There are 3 sets of sentence pairs and associated scores in the training set, as listed below:

* 750 sentence pairs from Microsoft Research Paraphrase Corpus (MSR-Paraphrase)
* 750 sentence pairs from Microsoft Research Video Description Corpus (MSR-Video)
* 734 sentence pairs from [WMT2008 Development Dataset]( http://www.statmt.org/wmt08/shared-evaluation-task.html).

Sentence pairs are available in one .txt file and associated labels (real values from 0-5) are available in the corresponding .gs file.

The test set consists of 750, 750 and 459 different sentence pairs from these same 3 corpora.

In [1]:
from __future__ import division, print_function
import collections
import nltk
import os
import matplotlib.pyplot as plt
import numpy as np
%matplotlib inline

In [2]:
DATA_DIR = "../data"
TRAIN_DIR = os.path.join(DATA_DIR, "train")
TEST_DIR = os.path.join(DATA_DIR, "test-gold")

DATA_SOURCES = ["MSRpar", "MSRvid", "SMTeuroparl"]
SPAIR_FILE_TPL = "STS.input.{:s}.txt"
LABEL_FILE_TPL = "STS.gs.{:s}.txt"

VOCAB_FILE = os.path.join(DATA_DIR, "sts-vocab.tsv")

## Data Loading

In [3]:
def load_data(datadir):
    xleft, xright, ys = [], [], []
    for data_source in DATA_SOURCES:
        label_filename = LABEL_FILE_TPL.format(data_source)
        flabel = open(os.path.join(datadir, label_filename))
        for line in flabel:
            ys.append(float(line.strip()))
        flabel.close()
        # sentence pairs
        spair_filename = SPAIR_FILE_TPL.format(data_source)
        fsents = open(os.path.join(datadir, spair_filename))
        for line in fsents:
            left, right = line.strip().split("\t")
            xleft.append(left)
            xright.append(right)
        fsents.close()
        assert len(xleft) == len(xright) and len(xright) == len(ys)
    return xleft, xright, ys
    
xleft_train, xright_train, ys_train = load_data(TRAIN_DIR)
xleft_test, xright_test, ys_test = load_data(TEST_DIR)

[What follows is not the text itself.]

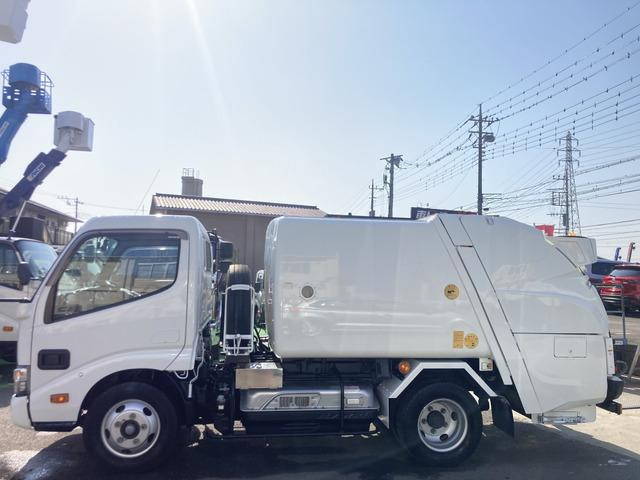 日野デュトロパッカー車（塵芥車）小型（2t・3t）[写真06]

print((len(xleft_train), len(xright_train), len(ys_train)),
      (len(xleft_test), len(xright_test), len(ys_test)))

(2234, 2234, 2234) (1959, 1959, 1959)


## Vocabulary

In [4]:
counter = collections.Counter()
for sent_coll in [xleft_train, xright_train, xleft_test, xright_test]:
    for sent in sent_coll:
        sent = sent.decode("utf8").encode("ascii", "ignore").lower()
        for word in nltk.word_tokenize(sent):
            counter[word] += 1

fvocab = open(VOCAB_FILE, "wb")
for word, count in counter.most_common():
    fvocab.write("{:s}\t{:d}\n".format(word, count))
fvocab.close()

In [5]:
vocab_size = len([w for w, c in counter.most_common() if c >= 2])
print(vocab_size)

6940


## Compute #-words per sentence

In [6]:
num_words_list = []
for sent_coll in [xleft_train, xright_train, xleft_test, xright_test]:
    for sent in sent_coll:
        sent = sent.decode("utf8").encode("ascii", "ignore").lower()
        num_words_list.append(len([w for w in nltk.word_tokenize(sent)]))
num_words = np.array(num_words_list)

plt.hist(num_words, bins=10)
plt.show()

In [7]:
for i in range(90, 100):
    print("{:d} percentile, #-sentences: {:.0f}".format(
        i, np.percentile(num_words, i)))

90 percentile, #-sentences: 30
91 percentile, #-sentences: 30
92 percentile, #-sentences: 31
93 percentile, #-sentences: 32
94 percentile, #-sentences: 34
95 percentile, #-sentences: 36
96 percentile, #-sentences: 39
97 percentile, #-sentences: 44
98 percentile, #-sentences: 50
99 percentile, #-sentences: 60


## Labels

In [8]:
y = np.array(ys_train + ys_test, dtype="int32")
print(y.shape, min(y), max(y))

(4193,) 0 5